Any suggestions gratefully received

Thanks in advance

Steve


----------



## Amelia66 (Feb 15, 2011)

when is his last drink before the one you offered and was declined and what lines the crate? we found with our pup anything soft in her crate and she will pee no matter when [once as soon as she went in there!] as it soaks it up and she doesnt have to deal with it as much. we also had to adjust her last drink as even with a pee before bed she could pee in the morning.


----------



## Lizz1155 (Jun 16, 2013)

Hi Steve, welcome to the forum.

To me it sounds more medical than behavioural. Most dogs will do absolutely anything to avoid soiling their sleeping quarters (crate), and will only resort to doing so if they're desperate or incontinent. (Crate training a dog as a way of getting them toilet trained only works if the dog has the capacity to "hang on" - it they're incontinent or desperate they will still toilet in their crate. Even in the correct size crate, you cannot force a dog to hang on for a time beyond what they're capable of).

Given that your dog is fully emptying his bladder rather than just "marking", I would also go with "it's medical"/ "he just needs the toilet" rather than it being behavioral.

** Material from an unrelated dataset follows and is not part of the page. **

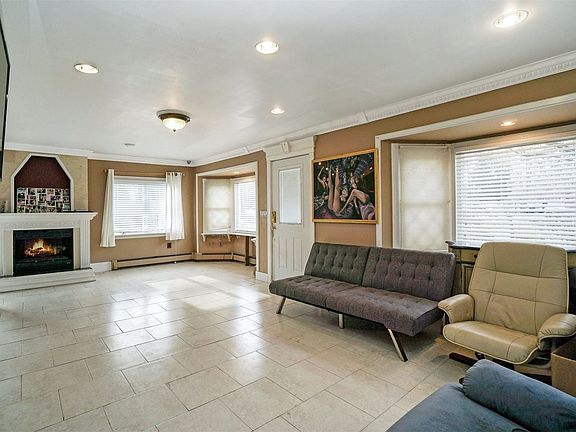 3rd image of 179 Brooksite Dr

It sounds like he cannot hang on until you're awake and ready to let him into the garden.

Also since you've experimented and taken him out at 4am and he hasn't then peed again between 5-6am, it would suggest that he actually needs to go to the toilet, as opposed to doing some form of behavioral peeing indoors. If it were behavioural he would most likely have still peed indoors between 5-6am, despite having a toilet break at 4am.

Most dogs can go overnight without peeing, however for some reason it sounds like your dog _genuinely_ can't. Try ruling out medical reasons (UTI's, bladder weakness, Cushing's, kidney issues...)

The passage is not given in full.